The writer is secretary of state for Digital, Culture, Media and Sport
As you read this, thousands of people are receiving a message that will change their lives: a simple email or text, inviting them to book their Covid jab. But what has powered the UK’s remarkable vaccine rollout isn’t just our NHS, but the data that sits underneath it — from the genetic data used to develop the vaccine right through to the personal health data enabling that “ping” on their smartphone.
After years of seeing data solely through the lens of risk, Covid-19 has taught us just how much we have to lose when we don’t use it.
As I launch the competition to find the next Information Commissioner, I want to set a bold new approach that capitalises on all we’ve learnt during the pandemic, which forced us to share data quickly, efficiently and responsibly for the public good. It is one that no longer sees data as a threat, but as the great opportunity of our time.
Until now, the conversation about data has revolved around privacy — and with good reason. A person’s digital footprint can tell you not just vital statistics like age and gender, but their personal habits.
Our first priority is securing this valuable personal information. The UK has a long and proud tradition of defending privacy, and a commitment to maintaining world-class data protection standards now that we’re outside the EU. That was recognised last week in the bloc’s draft decisions on the ‘adequacy’ of our data protection rules — the agreement that data can keep flowing freely between the EU and UK.
We fully intend to maintain those world-class standards. But to do so, we do not need to copy and paste the EU’s rule book, the General Data Protection Regulation (GDPR), word-for-word. Countries as diverse as Israel and Uruguay have successfully secured adequacy with Brussels despite having their own data regimes. Not all of those were identical to GDPR, but equal doesn’t have to mean the same. The EU doesn’t hold the monopoly on data protection.
So, having come a long way in learning how to manage data’s risks, the UK is going to start making more of its opportunities.
Right now, too many businesses and organisations are reluctant to use data — either because they don’t understand the rules, or are afraid of inadvertently breaking them. That has hampered innovation and the improvement of public services, and prevented scientists from making new discoveries. Clearly, not using data has real-life costs.
The next Information Commissioner will not just be asked to focus on privacy, but also empowered to ensure people can use data to achieve economic and social goals. The pandemic was full of such examples, like hospital trusts sharing lung scans to improve coronavirus treatment methods. Data has many such wider societal benefits, and as we emerge from the pandemic, the UK has an opportunity to be at the forefront of global, data-driven growth.
Now we’ve left the EU, we have the freedom to strike our own international data partnerships with some of the world’s fastest growing economies.
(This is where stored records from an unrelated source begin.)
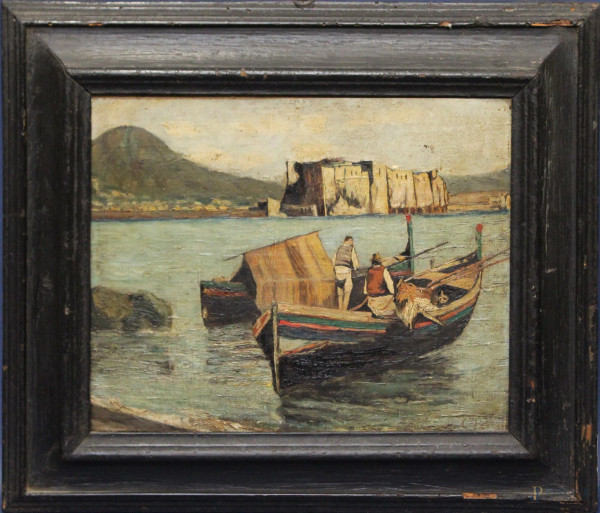 Marina con barche e pescatori, olio su cartoncino 23x28 cm, entro cornice.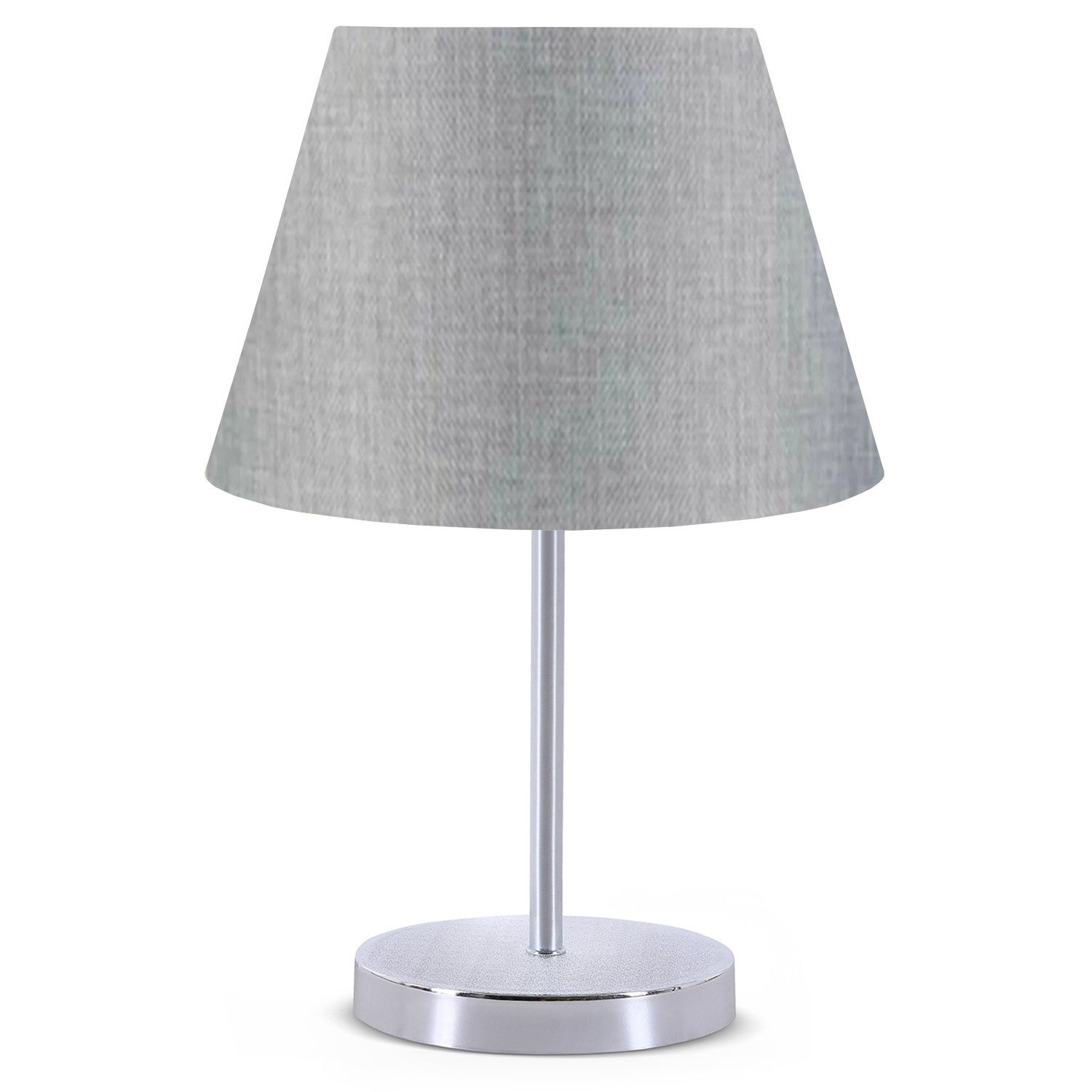 Lampe de table Accensa abat-jour Gris façon maille Métal Argent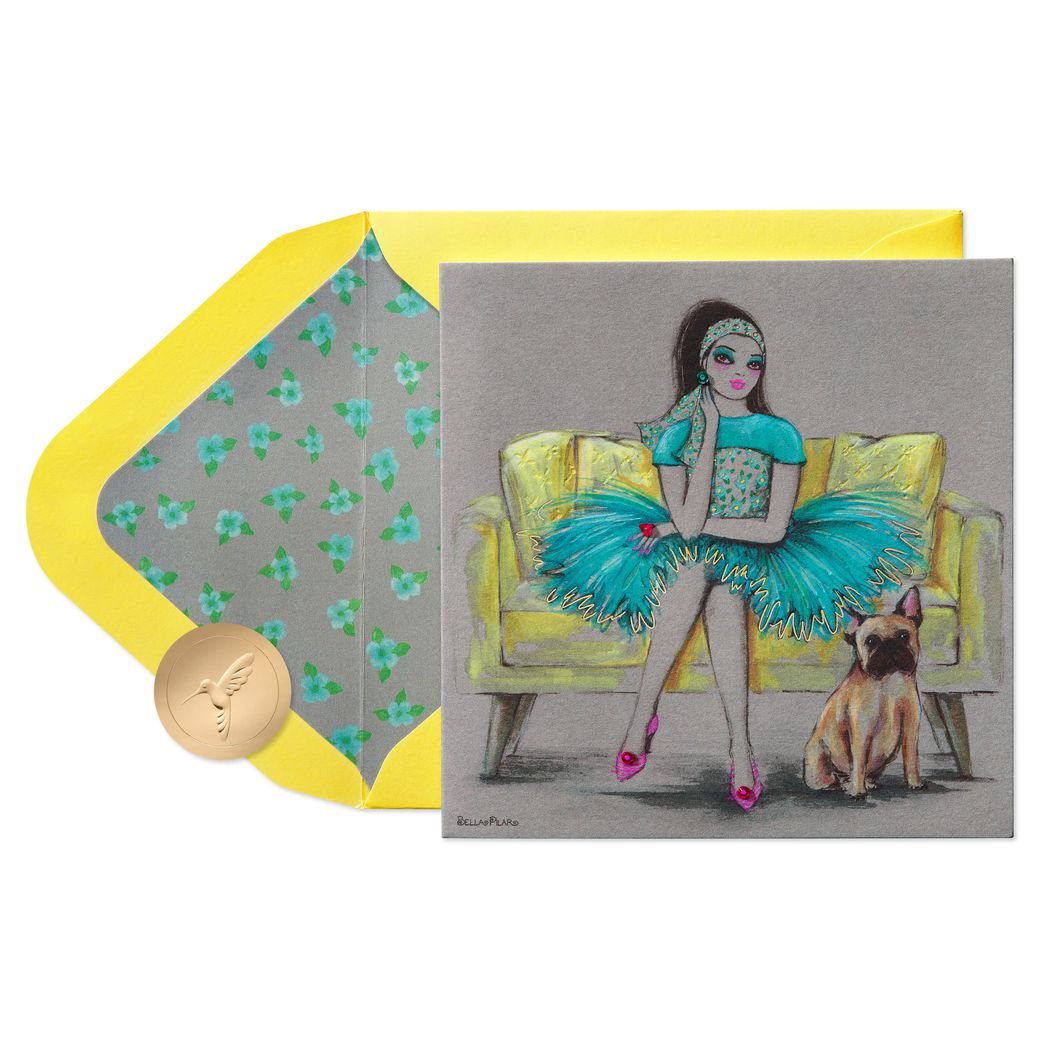 Girl & French Bulldog Blank Greeting Card - Designed by Bella Pilar Image 1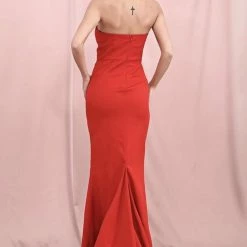 Jessica Bara Gillian Strapless Leg Slit Gown Dresses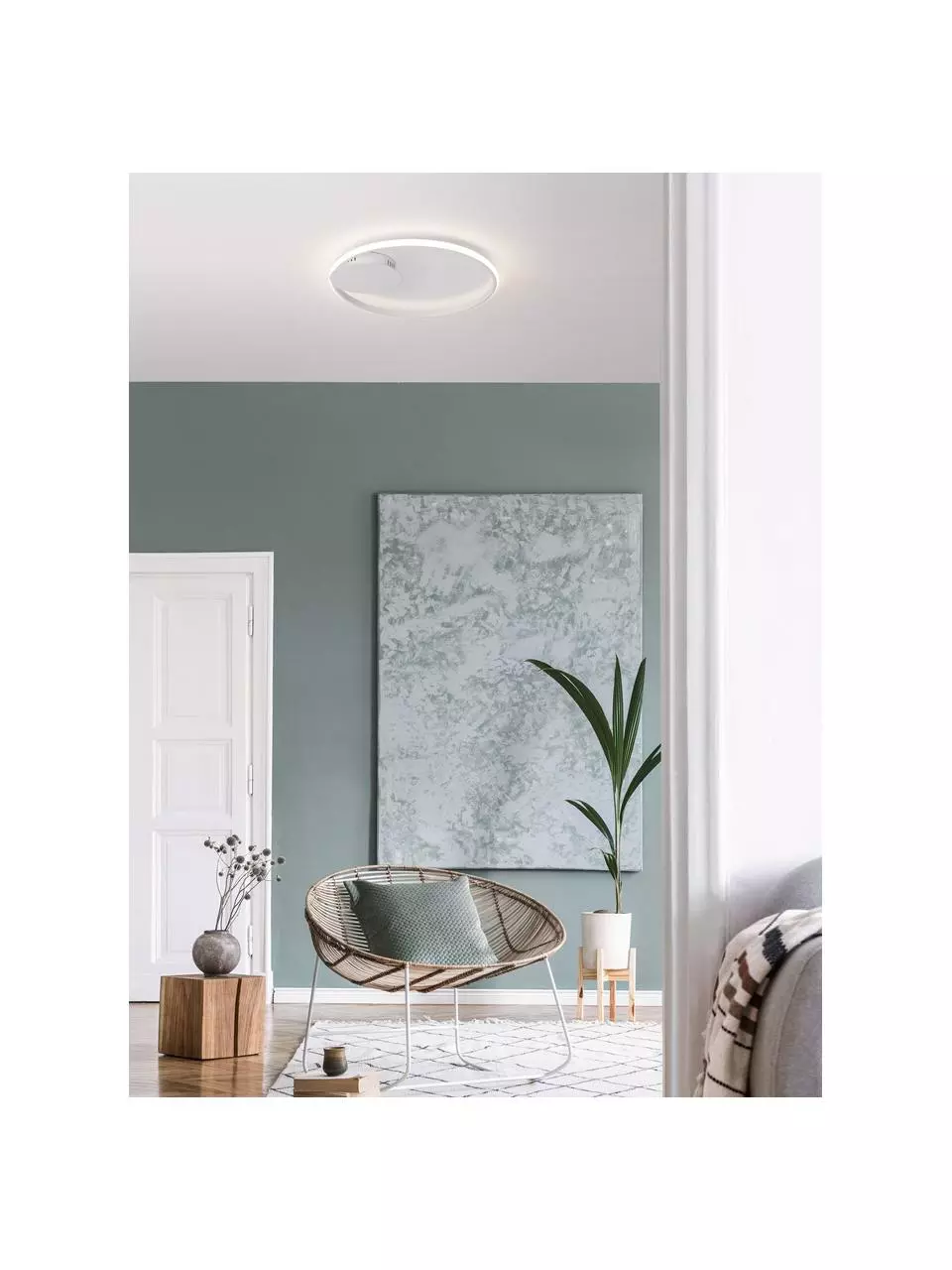 Dimmbare LED-Deckenleuchte Fuline in Weiß, Ø 50 x H 5 cmNur noch wenige verfügbar 4 Dimmbare LED-Deckenleuchte Fuline in Weiß, Ø 50 x H 5 cmNur noch wenige verfügbar – Bild 2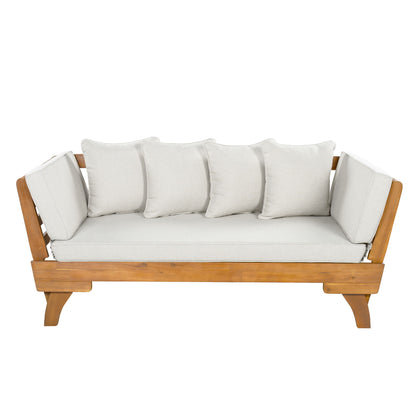Outdoor Patio Daybed Sofa With Foldable Arm, 3 Seat With 4 Back Pillows - Beige / Teak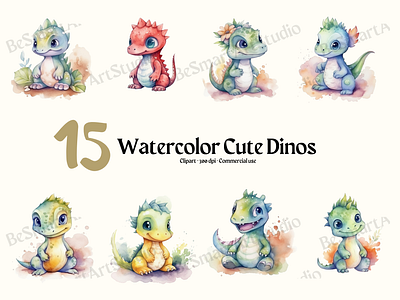 Watercolor Cute Dinos watercolor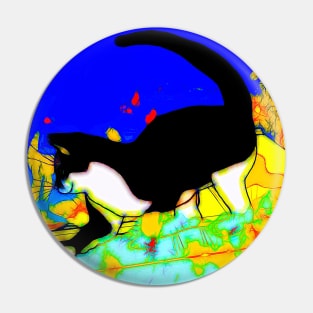 CUTE Tuxedo Cat living a psychedelic dream  Copyright TeAnne Pin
There is a huge prize to be won here: according to initial government estimates, £11bn of UK service exports currently go unrealised due to barriers to international data transfers. The EU has been slow to act on this, declaring only 12 countries “adequate” in the past few decades. By being more agile, the UK can capitalise on a multibillion-pound opportunity to boost trade in sectors where physical distance is no object. I will shortly announce our priority countries for data adequacy agreements.
Appointing a new Information Commissioner is just the first stage in this process. But it will mark the beginning of a new era in the UK — one where we start asking ourselves not just whether we have the right to use data, but whether, given its potential for good, we have the right not to.